That suggests, or ought to suggest, another question: What does any of this have to do with Al Gore? And the answer is "nothing," which is the biggest takeaway point. The Times is inept by accident; nobody in power at the Times has yet decided that the methods section is as important as the box scores. That's curable. Fox, on the other hand, is deliberate. It lies because it can score a point that makes Roger Ailes happy. If you're interested in journalism, that's an important distinction.

And here's another distinction. Slow as the process might seem, the Times will actually get around to firing you if you are a liar and a plagiarist. At Fox, on the other hand, fabrication and plagiarism seem to be valuable career skills. They seem, at least, to be working for John Stossel.

* You can download the paper, in its apparently "in press" form, here and read the methods section for yourself.

Labels: ,

Break out the clue bat

How do copy editors -- paragons of virtue that we are -- manage to get a reputation as the Inspectors Clouseau of the Grammar Police? Probably because we do stuff like this (page 16A of today's Freep, if you're scoring along at home):

Today, there are just more than 2,300 housing units in Ramat Shlomo. Israel’s approval of 1,600 more has triggered the worst feud in decades between Israel and the U.S.

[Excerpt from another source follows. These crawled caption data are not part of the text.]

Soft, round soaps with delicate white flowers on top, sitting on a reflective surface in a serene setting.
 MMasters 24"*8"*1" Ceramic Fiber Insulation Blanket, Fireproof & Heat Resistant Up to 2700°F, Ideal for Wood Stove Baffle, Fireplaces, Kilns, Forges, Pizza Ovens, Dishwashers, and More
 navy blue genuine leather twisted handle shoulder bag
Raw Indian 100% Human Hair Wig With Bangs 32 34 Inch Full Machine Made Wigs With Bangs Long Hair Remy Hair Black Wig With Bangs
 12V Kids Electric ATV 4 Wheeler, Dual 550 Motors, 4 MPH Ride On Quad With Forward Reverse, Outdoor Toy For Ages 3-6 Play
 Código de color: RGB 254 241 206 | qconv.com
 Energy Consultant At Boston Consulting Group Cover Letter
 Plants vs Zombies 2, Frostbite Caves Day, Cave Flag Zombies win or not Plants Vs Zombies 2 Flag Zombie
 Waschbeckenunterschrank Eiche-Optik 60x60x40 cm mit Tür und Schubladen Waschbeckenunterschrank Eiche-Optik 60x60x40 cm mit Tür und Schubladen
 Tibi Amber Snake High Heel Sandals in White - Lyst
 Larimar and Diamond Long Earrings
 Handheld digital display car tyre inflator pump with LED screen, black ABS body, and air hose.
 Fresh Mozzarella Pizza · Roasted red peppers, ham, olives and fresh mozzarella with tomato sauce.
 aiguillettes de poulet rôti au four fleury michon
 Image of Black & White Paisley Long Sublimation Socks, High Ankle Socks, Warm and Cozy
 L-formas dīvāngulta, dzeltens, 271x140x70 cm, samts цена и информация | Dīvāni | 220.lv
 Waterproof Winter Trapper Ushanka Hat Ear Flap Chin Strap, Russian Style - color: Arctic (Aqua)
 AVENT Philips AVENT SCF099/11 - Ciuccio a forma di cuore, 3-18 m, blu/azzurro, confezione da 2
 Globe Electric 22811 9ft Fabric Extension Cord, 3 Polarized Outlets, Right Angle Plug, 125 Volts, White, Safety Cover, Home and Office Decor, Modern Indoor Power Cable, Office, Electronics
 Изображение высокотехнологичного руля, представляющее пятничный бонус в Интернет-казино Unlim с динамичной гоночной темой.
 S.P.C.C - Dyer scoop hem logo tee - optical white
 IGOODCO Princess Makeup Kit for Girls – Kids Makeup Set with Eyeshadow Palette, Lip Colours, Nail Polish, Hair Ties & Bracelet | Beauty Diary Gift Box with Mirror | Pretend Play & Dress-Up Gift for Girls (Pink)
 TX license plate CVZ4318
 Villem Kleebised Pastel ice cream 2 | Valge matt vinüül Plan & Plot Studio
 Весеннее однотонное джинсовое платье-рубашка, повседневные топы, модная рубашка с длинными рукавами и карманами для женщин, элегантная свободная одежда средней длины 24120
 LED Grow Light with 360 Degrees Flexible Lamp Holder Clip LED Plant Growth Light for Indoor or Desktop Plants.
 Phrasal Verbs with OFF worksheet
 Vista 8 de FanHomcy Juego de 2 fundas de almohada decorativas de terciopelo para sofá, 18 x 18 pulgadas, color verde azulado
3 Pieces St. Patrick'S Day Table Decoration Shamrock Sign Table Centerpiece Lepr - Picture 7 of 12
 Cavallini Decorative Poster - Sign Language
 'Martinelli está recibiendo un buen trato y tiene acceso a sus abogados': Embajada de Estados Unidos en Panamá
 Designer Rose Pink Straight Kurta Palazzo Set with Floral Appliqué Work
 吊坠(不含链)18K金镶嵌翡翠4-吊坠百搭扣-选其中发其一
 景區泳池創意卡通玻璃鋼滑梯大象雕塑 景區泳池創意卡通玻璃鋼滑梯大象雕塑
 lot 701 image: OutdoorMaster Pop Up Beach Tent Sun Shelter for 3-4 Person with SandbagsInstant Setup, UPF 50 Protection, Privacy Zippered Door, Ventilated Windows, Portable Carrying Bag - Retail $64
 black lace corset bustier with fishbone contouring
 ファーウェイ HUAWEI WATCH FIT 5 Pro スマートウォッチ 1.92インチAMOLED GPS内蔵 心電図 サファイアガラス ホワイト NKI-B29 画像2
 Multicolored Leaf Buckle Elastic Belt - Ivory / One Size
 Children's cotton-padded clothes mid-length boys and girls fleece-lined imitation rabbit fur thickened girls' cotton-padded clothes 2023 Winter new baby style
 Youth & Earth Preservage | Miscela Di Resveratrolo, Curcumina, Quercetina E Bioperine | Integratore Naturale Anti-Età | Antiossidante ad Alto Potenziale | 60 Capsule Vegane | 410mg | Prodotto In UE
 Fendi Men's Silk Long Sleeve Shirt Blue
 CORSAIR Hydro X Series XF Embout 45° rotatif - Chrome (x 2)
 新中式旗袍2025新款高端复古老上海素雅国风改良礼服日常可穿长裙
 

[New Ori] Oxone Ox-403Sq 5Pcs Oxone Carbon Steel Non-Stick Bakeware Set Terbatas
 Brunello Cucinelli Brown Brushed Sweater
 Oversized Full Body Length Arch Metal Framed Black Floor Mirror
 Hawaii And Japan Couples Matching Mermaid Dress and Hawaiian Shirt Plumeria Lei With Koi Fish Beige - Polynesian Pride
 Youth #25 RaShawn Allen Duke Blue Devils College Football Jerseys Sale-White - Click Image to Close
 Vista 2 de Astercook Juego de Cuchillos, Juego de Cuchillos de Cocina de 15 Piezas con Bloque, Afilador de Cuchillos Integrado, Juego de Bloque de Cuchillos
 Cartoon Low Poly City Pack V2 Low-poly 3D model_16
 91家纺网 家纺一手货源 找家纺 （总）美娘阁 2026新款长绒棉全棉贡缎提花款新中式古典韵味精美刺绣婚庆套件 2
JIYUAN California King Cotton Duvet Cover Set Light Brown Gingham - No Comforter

So you've already guessed what the AP wrote, right?

Today, there are just over 2,300 housing units in Ramat Shlomo. Israel's approval of 1,600 more has triggered the worst feud in decades between Israel and the U.S.

We must have a lot of time on our hands, mustn't we? So much that we could ignore this lede on the biz front:

Ford’s stock price zoomed passed $14 per share for the first time in five years Wednes­day and could go higher.

"Zoomed passed" is just an out-and-out error. Whether it's a writer in a hurry or a careless editor leaving a scalpel in the patient, we don't know, but one has to admit it does sort of jump out at one. I don't like the lede for other reasons; if we're trying to coordinate stuff that happened Wednesday with stuff that might (or might not, ahem) happen at some unspecified future time, I'd rather have separate clauses than a compound predicate, but that's an ear question. We can deal with that after fixing the (kaff kaff) blindingly obvious.

The "over" vs. "more than" question is firmly fixed in news practice, however shaky its foundation in real life. In its straightforward form, editors don't seem ready to reject it; last summer's grammar survey* found that only about 21% of print editors thought "Over 100 people were arrested ..." was fine as it stood, with about a third calling it wrong and about half going for "OK but not preferred." The idiomatic "just over" or "just under," though, is a different creature. "Just more than half of participants" just sends fingernails down the blackboard of my spine. Prosewise, these are trying times I find it hard to take any such writing seriously.

The bottom line, alas, is the bottom line. If the copydesk is making the wire copy worse while ignoring flaws in the staff copy, it shouldn't expect much of a sympathetic ear the next time it has to justify its existence to the higher-ups.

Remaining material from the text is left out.